Arthur Hayes, former CEO of Bitmex and cryptocurrency market analyst, pondered about the success of an upcoming spot bitcoin ETF and its effect on the future of bitcoin. Hayes states that the popularity of these ETF derivatives might concentrate the custody of all the bitcoin in a few hands that won’t move it, forcing miners to capitulate due to a lack of activity in the blockchain.
Arthur Hayes Believes ETFs Might Cause the Demise of Bitcoin
Former Bitmex CEO Arthur Hayes believes that the success of an upcoming spot bitcoin ETF might endanger the existence of the Bitcoin network. In his most recent blog post, “Expression,” Hayes presents a hypothetical situation in which bitcoin is all in the hands of a few financial firms, like Blackrock.
If this happens, Hayes anticipates this will destroy bitcoin as a store of value, given that it is different from all of the assets traded in financial markets until now.
Hayes argued:
Bitcoin is the first monetary asset in human history that exists only if it moves. But if there was never another Bitcoin transaction between two entities, miners would be unable to afford the energy it costs to secure the network.

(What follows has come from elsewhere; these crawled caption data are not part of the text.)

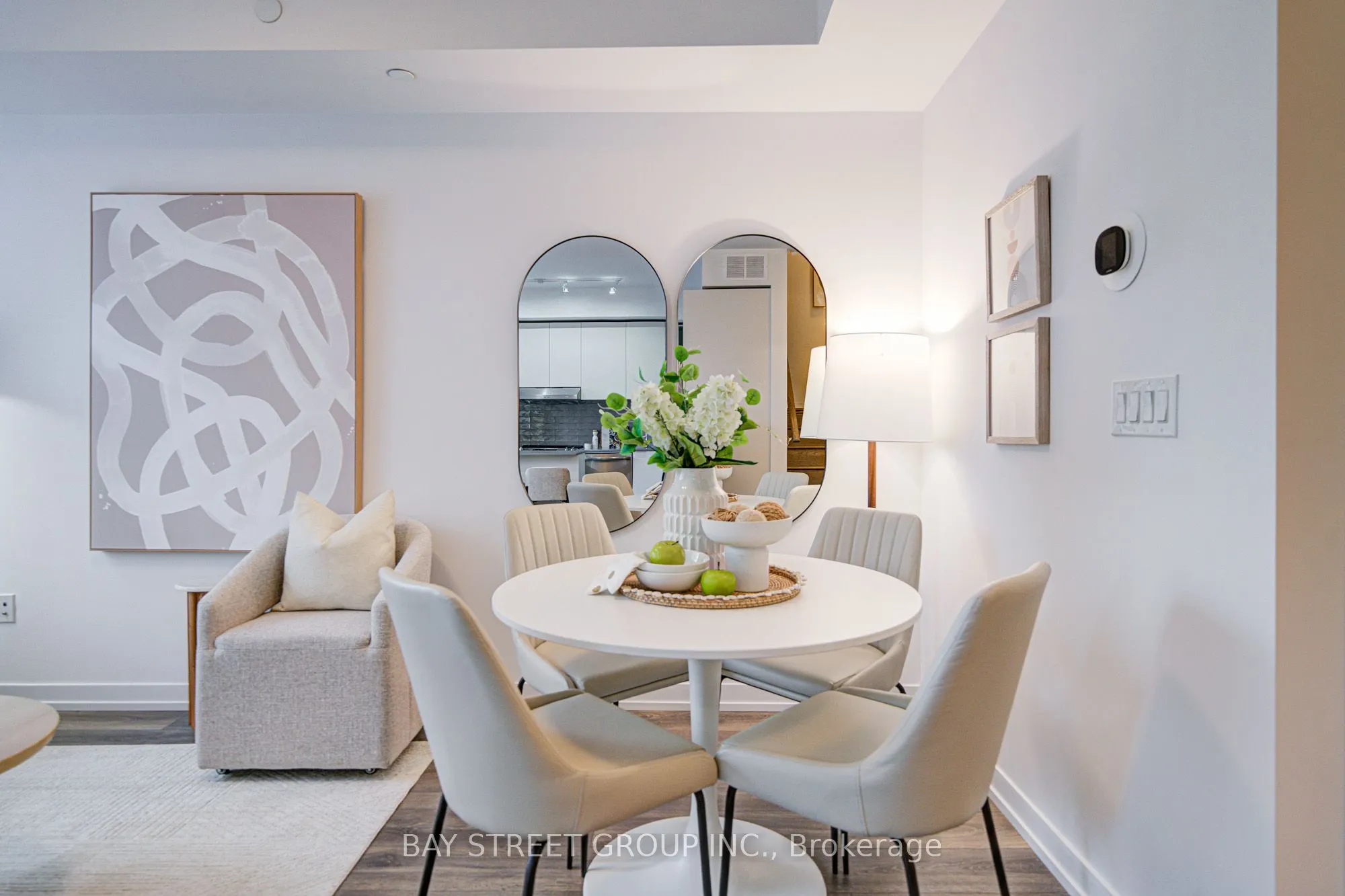 Condo Townhouse living room at 2530 Eglinton Avenue Mississauga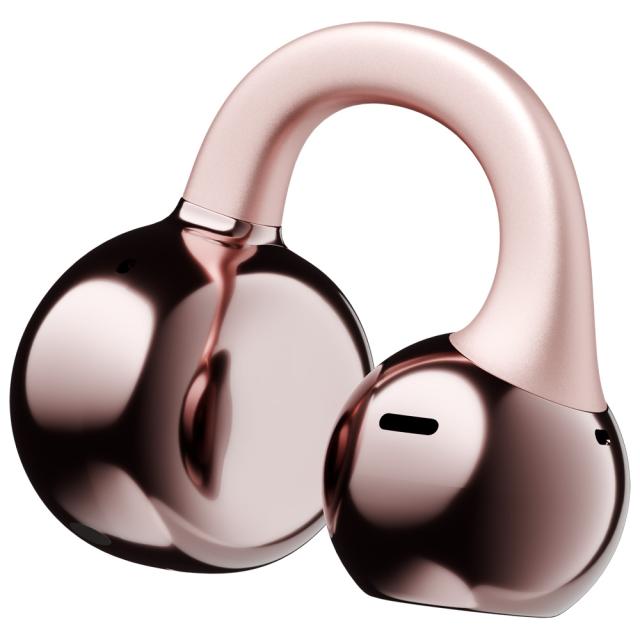 REGZA（レグザ） RB-A1S(RG) イヤーカフ型完全ワイヤレスBluetoothイヤホン（ローズゴールド）REGZA[RBA1SRG] 返品種別A_4
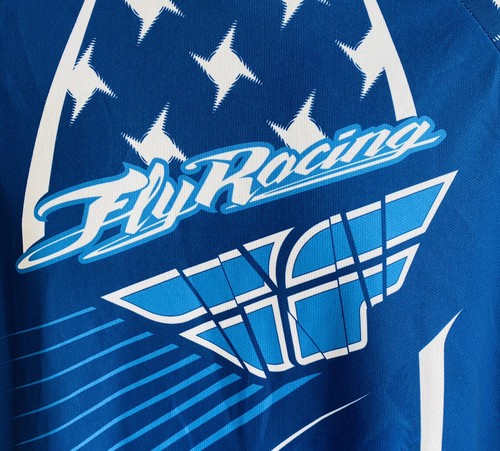Fly Racing Kinetic Bell Motocross Jersey Signed Large - Picture 10 of 12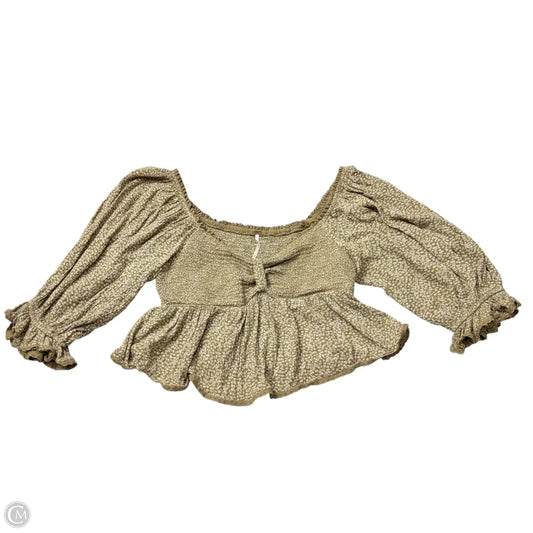 Top 3/4 Sleeve By Free People In Floral Print, Size: M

The result of this would be the shutdown of the whole Bitcoin network due to the starvation of miners who will receive fees only from bitcoin transactions after the subsidy ends circa 2140.
Hayes adds that this could happen if users come to value bitcoin as a financial asset more than a store of value, favoring the purchase of derivatives instead of the cryptocurrency. However, if bitcoin suffers this fate, Hayes anticipates the birth of a similar asset to allow people to transact in a non-state-owned financial system.
“Hopefully, the second time around, we will learn not to hand our private keys to the baldies,” he concluded.